Checking in on Fresno’s mortgage stress

housing1

San Francisco tops the list of households in mortgage stress out of 100 biggest U.S. cities,per finder.com

Out of the top 100 largest American cities by population, San Francisco tops the list with the highest levels of mortgage stress. Out of these 100 cities, one in five are under mortgage stress.

Half of the 20 cities under mortgage stress are in California. San Francisco tops the list with average mortgage repayments taking up almost 61.47% of the median household income.

Los Angeles has the second-highest mortgage stress level of 50.07%, followed by Oakland on 49.73%. New York is third with 47.72% of homeowners’ income to repayments, and Honolulu rounding out the top 5 most stressed cities in the United States at 44.27%.

Of the top 100 cities, the average mortgage repayment is 20.9% of the average income.
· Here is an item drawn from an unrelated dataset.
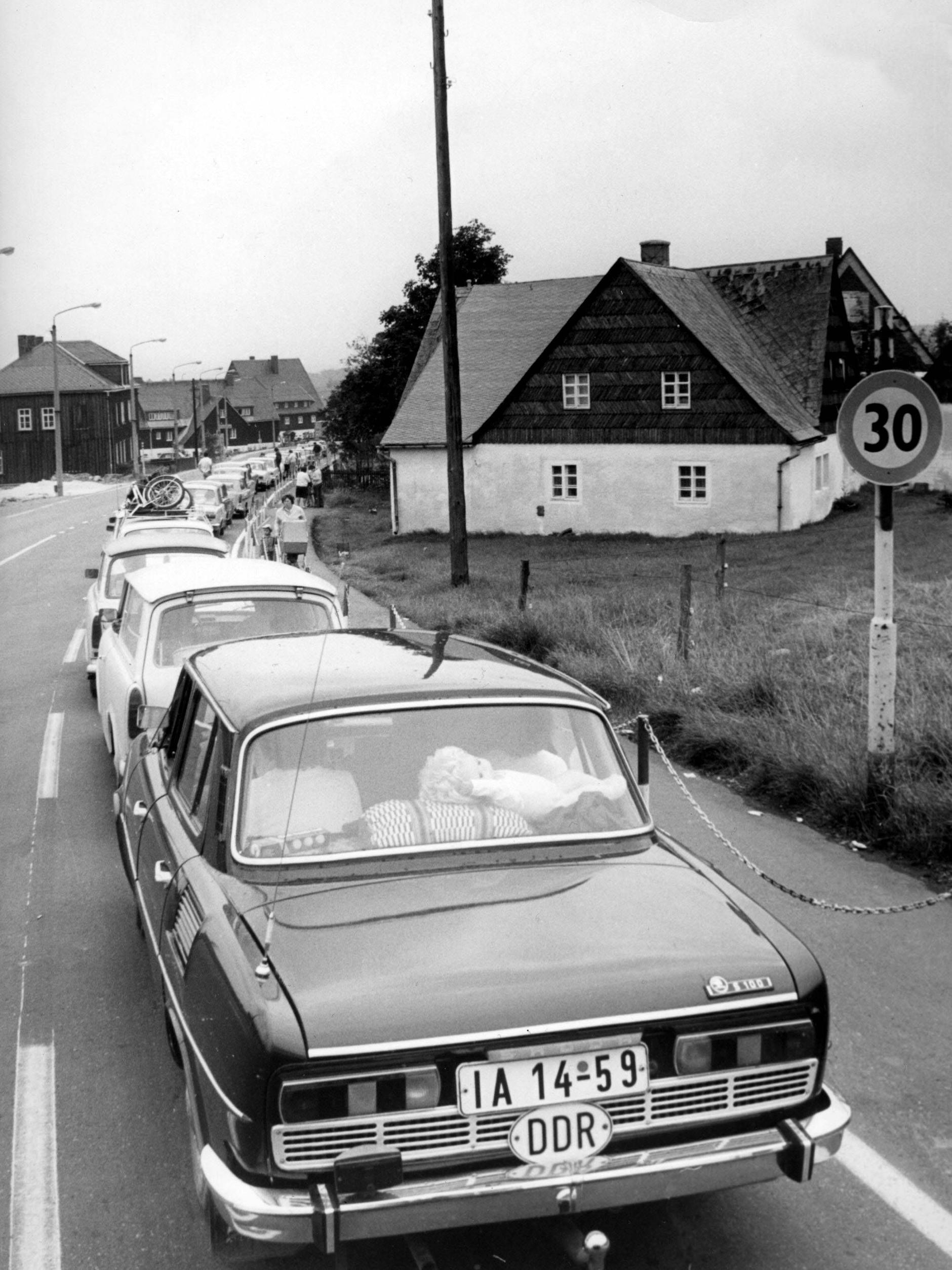 Der Ansturm war groß – hier eine Autoschlange an der Grenze zur CSSR in Altenberg (1977).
Fresno ranks 34th at 20.05%:

Rank

City

Median home value

Median household income

Annual mortgage repayments*

Repayments as proportion of income

34

Fresno, CA

$194,500

$41,455

$8,312

20.05%

On the other end of the spectrum is Detroit, which is the easiest of the major cities in the USA in which to repay a mortgage. Repayments only make up 6.12% of the median household wage for Detroit citizens.

Ohio cities Toledo and Cleveland are the second and third least stressed cities (7.26% and 8.50%), with Memphis and Fort Wayne not far behind (8.63% and 9.31%).

Comments by Michelle Hutchison, Money Expert at personal finance website finder.com:

“Mortgage stress is generally when a homeowner’s mortgage repayments are more than 28% of their gross income. It’s concerning to see that some of the most populated cities in the country have the highest levels of mortgage stress.

Interest rates are front of mind for many households today and rates are likely to increase over the next year. It’s more important than ever for households with a mortgage to get ahead and plan for future rate rises. It’s a good time to review your financial situation – check how much of your income is being spent on your repayments to see if you are in mortgage stress, how much debt do you have and are you saving any money?

“It’s also the perfect time to review your banking products, particularly your mortgage because lenders’ rates vary much greater when rates are increasing.

“If you are under mortgage stress, talk to your lender to find out what they can do to help you get back on track and reduce your repayments. Compare mortgages online to get a better idea of how your loan compares. They may be able to reduce your loan or you could perhaps switch to another lender.

“It’s a good idea to factor in at least 1-2 percent higher interest rates to ensure you can afford higher repayments.”